Não podemos esquecer que o álcool é substancia tóxica e não importa a dosagem, sempre é tóxico. Estudos comprovam que o contato com o álcool antes dos 16 anos aumenta muito o risco futuro do contato com outras drogas. Há características geneticamente transmitidas, embora nem todos se tornem dependentes. Mas como saber quem se tornará dependente?
            Desta maneira, é importante a decisão firme. Os pais tem dificuldade em dizer não, mas impor limites é importante, mesmo que os filhos reclamem ou tenham a possibilidade de beber nas ruas, o exemplo dos pais e a palavra precisa são fundamentais. Demonstrar os riscos que vão correr como acidentes, abusos, gravidez precoce, violência, contaminações por DST, uma diversidade de consequências das quais podem e devem ser poupados pela determinação segura dos pais.
            Os índices dos riscos do álcool para comportamento foram apontados na reportagem da revista Veja, com base em pesquisa de Ronaldo Laranjeira psiquiatra especializado no assunto. A pesquisa indicou que 70% dos jovens que bebem regularmente se envolvem em brigas e 40% se envolvem em acidentes automobilísticos. Dos que bebem com regularidade, a metade se torna dependente de álcool e 60% se torna dependente de drogas ilícitas. A gravidez precoce entre as meninas aumenta de 5% para 20% quando se trata de consumidora regular e aumenta para 30% quando o consumo se torna pesado.

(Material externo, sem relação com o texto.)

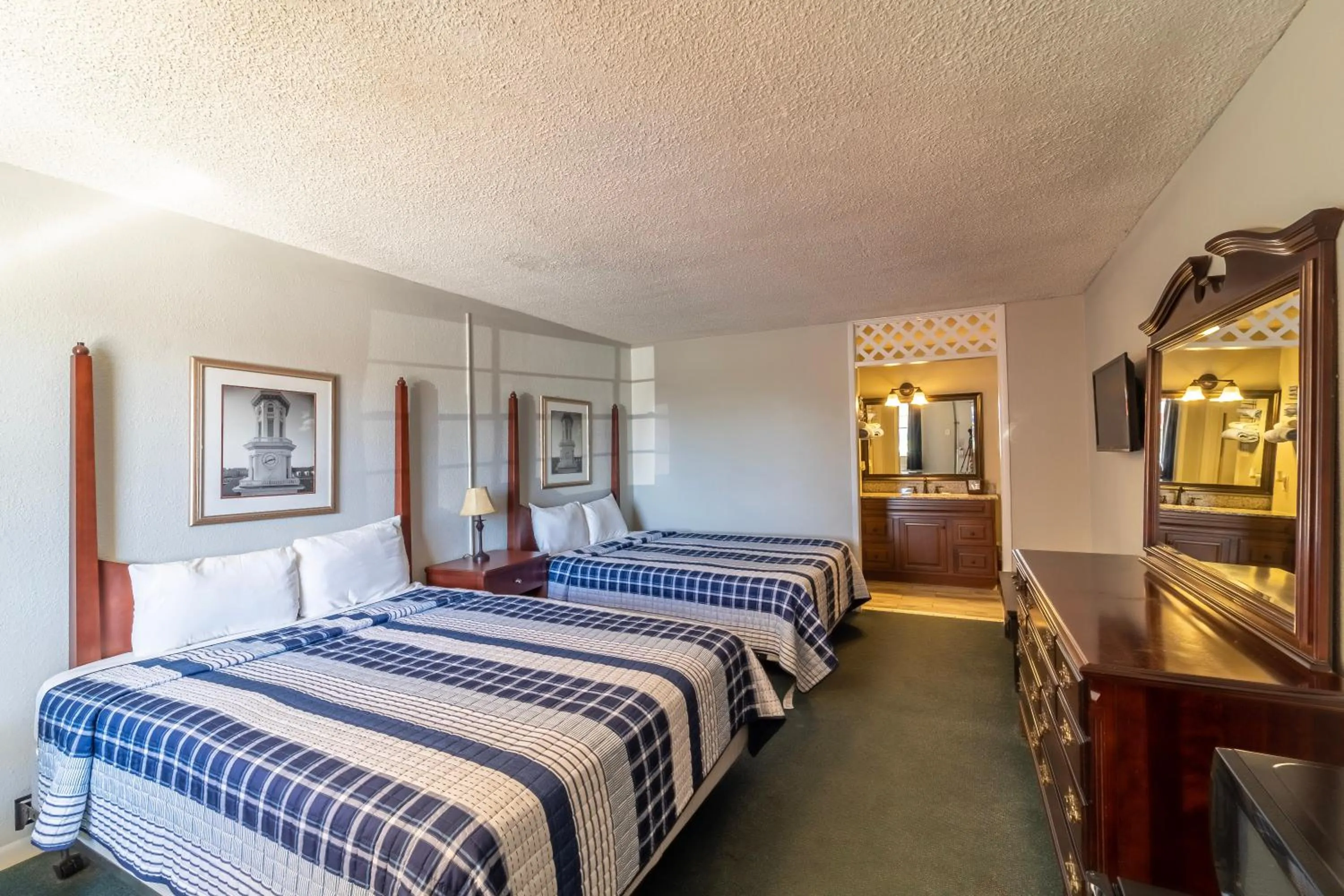 Bed in Dothan National Golf Club and Hotel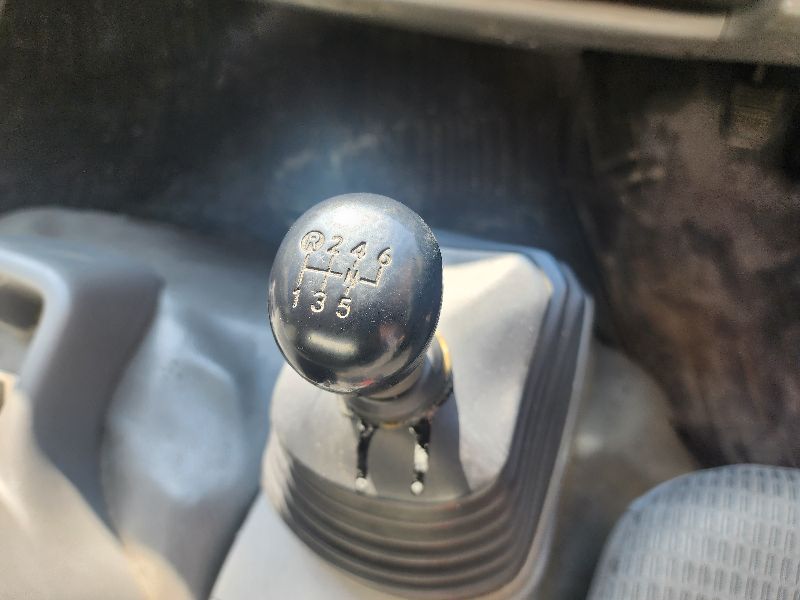  26998  HINO DUTRO  2013  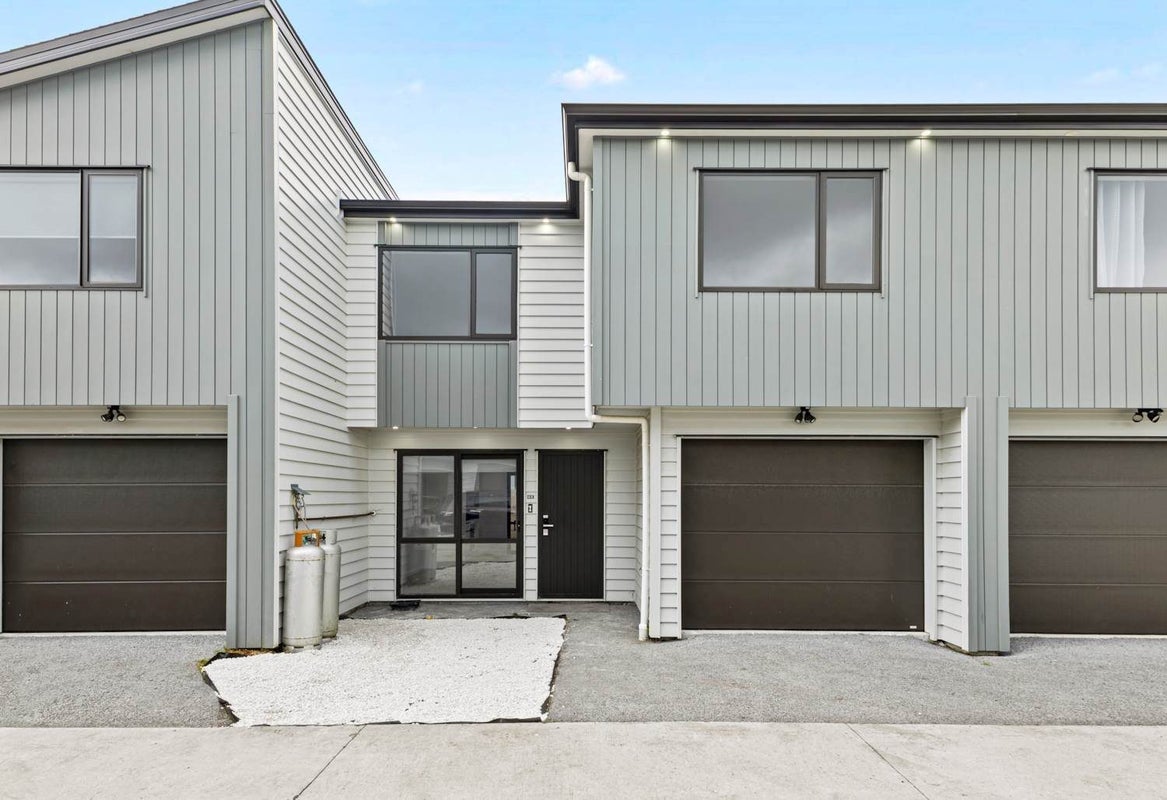 8E Kent Road, Manurewa, Auckland - Carousel 1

            Isso sem falar na responsabilidade civil que será assumida integralmente pelos pais. Ou seja, caso o filho com menos de 18 anos, após a ingestão de bebida alcoólica, cometa algum ato violento ou danoso contra terceiros que deva ser indenizado em dinheiro com pagamento de tratamento médico e até mesmo pensão alimentícia por toda a vida da vítima ou seus familiares, caberá aos pais arcar com a indenização que poderá ser de alto valor financeiro comprometendo até os bens da família.
            Os pais querem proteger seus filhos e é falsa a sensação de proteção ao permitir que bebam em sua presença, como se não fossem beber com os amigos já que bebem com os pais. Mostrar os perigos daí advindos e demonstrar firmeza na decisão confere maior segurança aos filhos. Protegê-los é o objetivo, pois são pessoas em formação e, portanto, mais do que vulneráveis, são vulnerados pela sua condição. Em nada lhes acrescenta a apresentação precoce da bebida alcoólica. Não faz do adolescente mais homem ou mais mulher ou mais capaz de discernir o que pode ser bom para suas vidas ou os perigos que virão. O fato é que ouvir um não, dentre os muitos nãos que ouvirão pela vida, poderá ser uma forma de proteção.